In the afternoon of this day Roland planted his easel on the plateau of the northern hill, where the barrows are, and put the last touches to the sketch, which he afterwards made into the first picture which he ever exhibited. It appeared in the Grosvenor of '85: of course everybody remembers the picture, which attracted a very respectable amount of attention. It was called the 'Daughter of Lyonesse.' It represented a maiden in the first blossom of womanhood—tall and shapely. She was dressed in a robe of white wool thrown over her left shoulder and gathered at the waist by a simple belt of brown leather: a white linen vest was seen below the wool: round her neck was a golden torque: behind her was the setting sun: she stood upon the highest of a low pile of granite boulders, round the feet of which were spread the yellow branches of the fern and the faded flowers of the heather: she shaded her eyes from the sun with her left hand, and looked out to sea. She was bare-headed: the strong breeze lifted her long black hair and blew it from her shoulders: her eyes were black and her complexion was dark. Behind her and below her was the splendour of sun and sky and sea, with the Western Islands rising black above the golden waters.

The sketch showed the figure, but the drapery was not complete: as yet it was a study of light and colour and a portrait.

'I don't quite know,' said the painter, thoughtfully, 'whether you ought not to wear a purple chiton: Phoenician trade must have brought Phoenician luxuries to Lyonesse. Your ancestors were tin-men—rich miners—no doubt the ladies of the family went dressed in the very, very best. I wonder whether in those days the King's daughter was barefooted. The caliga, I think—the leather sandal—would have been early introduced into the royal family on account of the spikiness of the fern in autumn and the thorns of the gorse all the year round. The slaves and common people, of course, would have to endure the thorns.'

He continued his work while he talked, Armorel making no reply, enacting the model with zeal.

'It is a strange sunset,' he went on, as if talking to himself, 'a day of clouds, but in the west a broad belt of blue low down in the horizon: in the midst of the belt the sun flaming crimson: on either hand the sky aglow, but only in the belt of clear: above is the solid cloud, grey and sulky, receiving none of the colour: below is also the solid, sulky cloud, but under the sun there spreads out a fan of light which strikes the waters and sets them aflame in a long broad road from the heavens to your feet, O child of Lyonesse. Outside this road of light the waters are dull and gloomy: in the sky the coloured belt of light fades gradually into soft yellows, clear greens, and azure blues. A strange sunset! A strange effect of light! Armorel, you see your life: it is prefigured by the light. Overhead the sky is grey and colourless: where the glow of the future does not lie on the waters they are grey and colourless. Nothing around you but the waste of grey sea: before you black rocks—life is always full of black rocks: and beyond, the splendid sun—soft, warm, and glowing. You shall interpret that in your own way.'

Armorel listened, standing motionless, her left hand shading her eyes.

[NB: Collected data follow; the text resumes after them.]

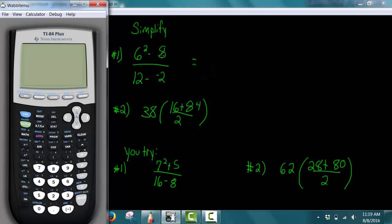Notice 6 squared minus 8 is all in the top of the fraction. The calculator doesn't know by itself what the top and what the bottom of a fraction is, so we have to tell it, and the way we tell it is by using parentheses. So we're going to do parentheses, 6 to the second power. I hit the exponent button, then hit 2 and it's still in the exponent. To get out of the exponent I hit the right arrow key, then subtract 8, close parentheses. This forces 6 squared minus 8 to be grouped together.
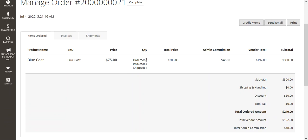Now we can see the customer ordered four quantities, we have invoiced four quantities, and we have shipped all four quantities as per requirement.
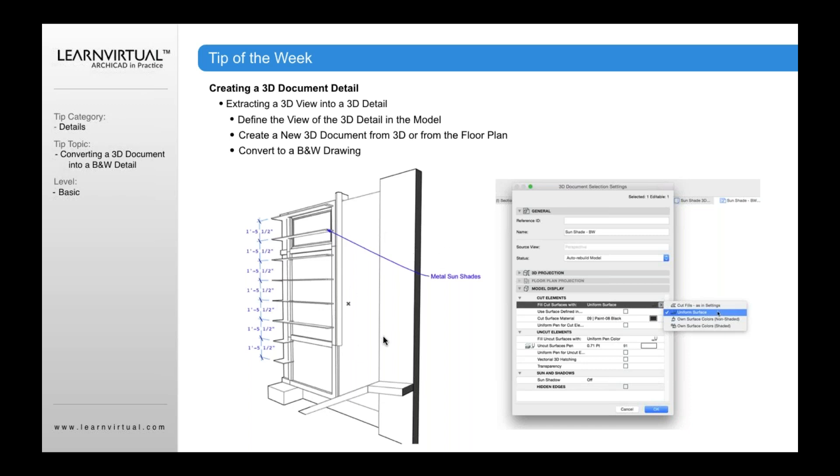To change this to black and white, I need to right-click in my 3D window, select 3D document selection settings, and then open up these settings.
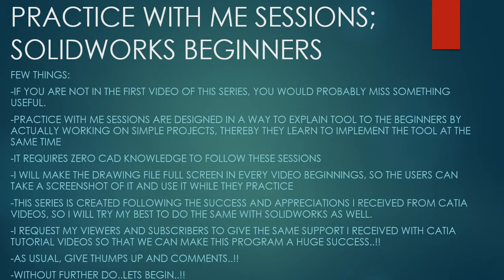Hello friends, this is Mohammed Shakeel here from How Engineers Do It and welcome to the series Practice With Me Sessions, SolidWorks Beginners.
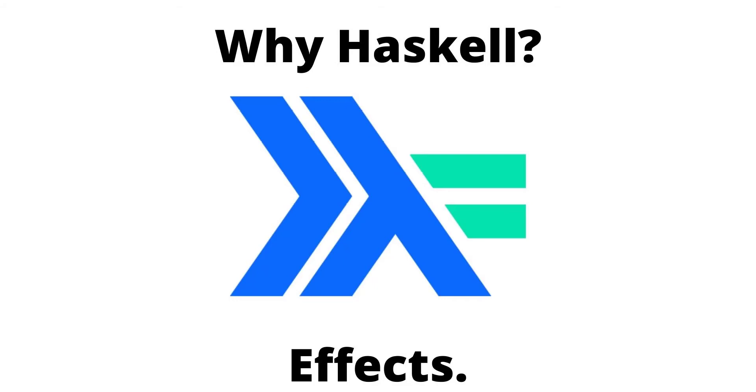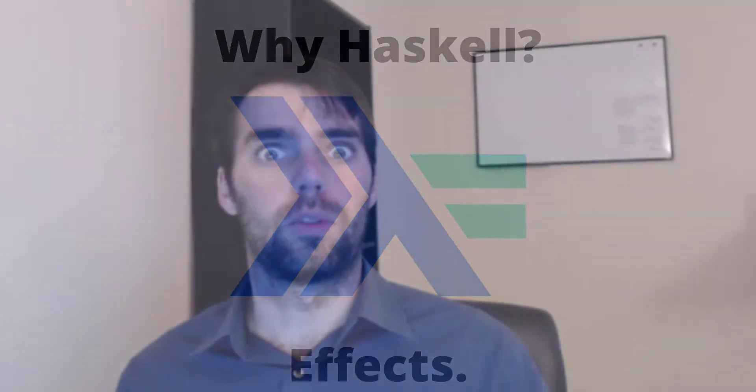When I tell other programmers that I do a lot of work in Haskell, a lot of them understandably ask, why? What is so good about Haskell that it is worth learning a language that is so different from all the other languages out there where the vast majority of software is written?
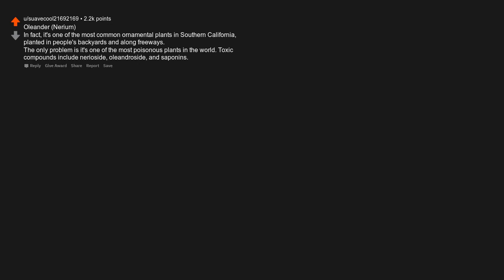Oleander, Nerium. In fact, it's one of the most common ornamental plants in southern California, planted in people's backyards and along freeways. The only problem is it's one of the most poisonous plants in the world. Toxic compounds include neriicide, oleandroside, and saponins.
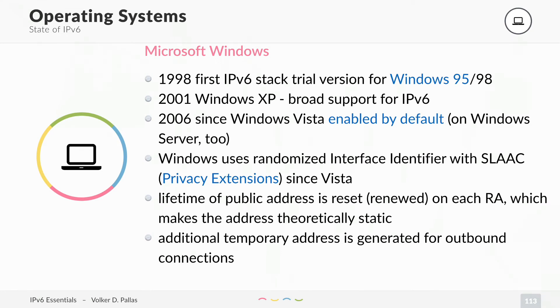It's also a good thing for management purposes, so the device is trackable as long as it is active in the network. And additionally, Windows generates a temporary address for outbound connections.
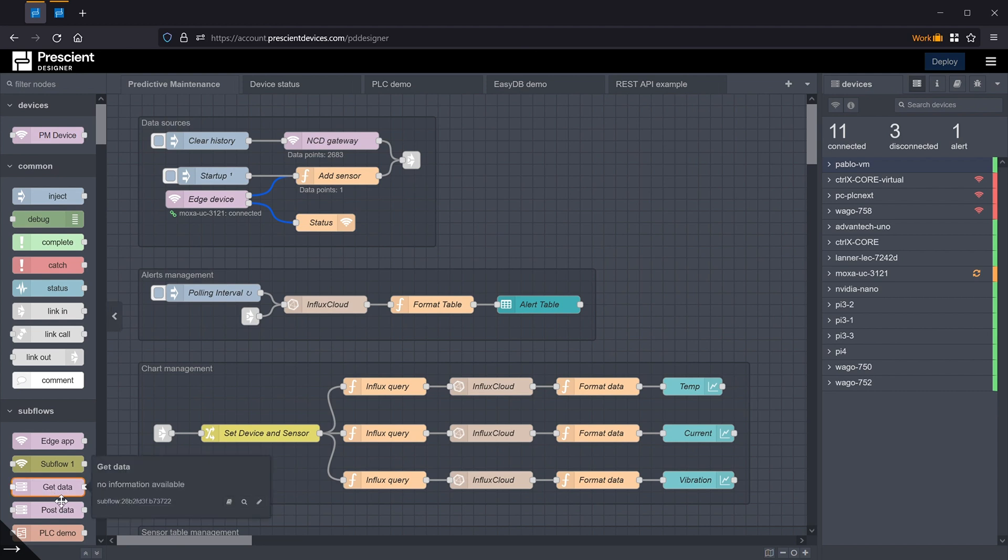I would like to show some of the really interesting, cool, and useful device monitoring and management features of Designer 2.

'If the picture,' he went on, 'comes out as I hope it may, it will be one of those that suggest many things. Every good picture, Armorel, as well as every good poem, suggests. It is like that statue of Christ which is always taller than the tallest man. Nobody can ever get above the thought and soul of a good picture or a good poem. There is always more in it than the wisest man knows. That is the proof of genius. That is why I long all day for the mysterious power of putting into my work the soul of everyone who looks upon it—as well as my own soul. When you come to stand before a great picture, Armorel, perhaps you will understand what I mean. You will find your heart agitated with strange emotions—you will leave it with new thoughts. When you go away from your desert island, remember every day to read a piece of great verse, to look upon a great picture, and to hear a piece of great music. As for these suggested thoughts, you will not perhaps be able to put them into words. But they will be there.'

Still Armorel made no reply. It was as if he were talking to a statue.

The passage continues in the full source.